Participants in this study were randomly assigned to one of four treatment groups:
(1) control, (2) commitment device, (3) reminder, and (4) focused study.
..To ensure that participants did not differentially select themselves into the study based on the treatment conditions, all students installed the same basic version of the software and were not informed of their software functionality until after they had successfully installed the software and completed the enrollment survey. 18 The particular functions of their treatment software were not turned on until the course started, or the day following their installation if they installed the software after the course began. 19
...I worked with RescueTime, a company that makes time-tracking software, to develop the software tools used in this study. RescueTime implemented the design for each tool and provided software support throughout the study...When running, this software tracked and categorized time spent in the active application or browser window. 20 Each activity was categorized into groups such as email, shopping, news, entertainment, social networking, writing, and education and activity received a productivity score of unproductive, neutral, or productive. [These categorizations and productivity scores were defined by RescueTime defaults. These defaults were set by an algorithm that combined website query information with aggregated user scores.] This information collected by the software was used to execute each of the treatment conditions described below...The software was programmed to automatically run when the participant’s computer was turned on. The software could not be closed from any menu option and could only be turned off by manually quitting the application from the computer’s task manager/activity monitor function. Activities were tracked logged at the application and web domain level, and keystrokes or actions taken within an application or pages within a web domain were not recorded. If multiple applications or browser tabs were open, the activity was attributed to the application or webpage with the most recent action. When a person stopped interacting with an application or website the software stopped tracking activity even when the application or website remained open...In addition to having access to time-use summary reports, students assigned to the commitment device treatment were able to set a limit on distracting Internet time each day.
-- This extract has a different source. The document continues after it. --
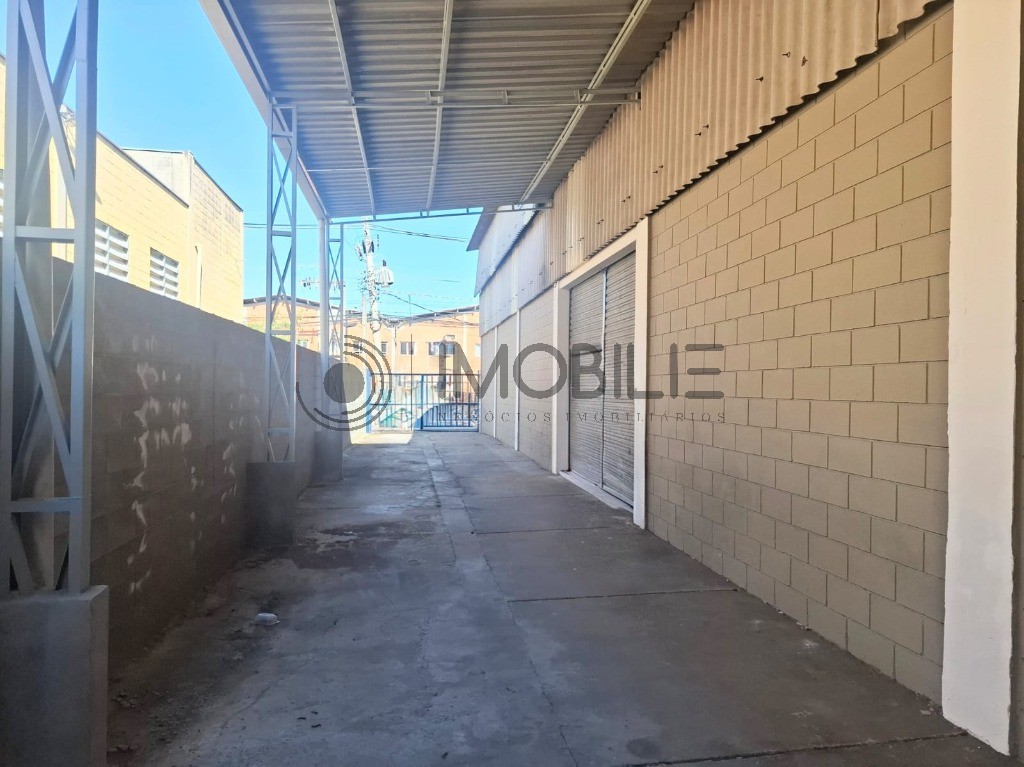 Depósito-Galpão, 700 m² - Foto 19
To maximize the expected impact of the treatment, students were initially assigned a limit that corresponded to the goal stated in the pre-study survey. This approach leverages the tendency people have to stay with a default choice (Madrian and Shea, 2001, e.g) and bypasses the issue of na ̈ıve students being unwilling to initially opt into a commitment treatment. Participants in this treatment group were sent a daily email at 6:45 a.m. that informed them of their current limit and asked them whether they wished to reset their limit (see Appendix Figure 2 for an example of how students set their distracting limit). 23 Once students exceeded their set limit, distracting websites were blocked (blocked screen shown in Appendix Figure 3). After exceeding their limit, students were only able to unblock websites on a site-by-site basis and needed to indicate a reason for unblocking each site. The commitment device has the potential to address issues of present-biased preferences by allowing students to make future distracting computer use more costly.
While the impact of the reminder and focusing treatments on homework submission patterns are smaller than those estimated for the commitment device and statistically indistinguishable from the control, estimated effects for both groups are positive (0.27 and 0.58 additional homework assignments, respectively) and large effects cannot be ruled out for these groups.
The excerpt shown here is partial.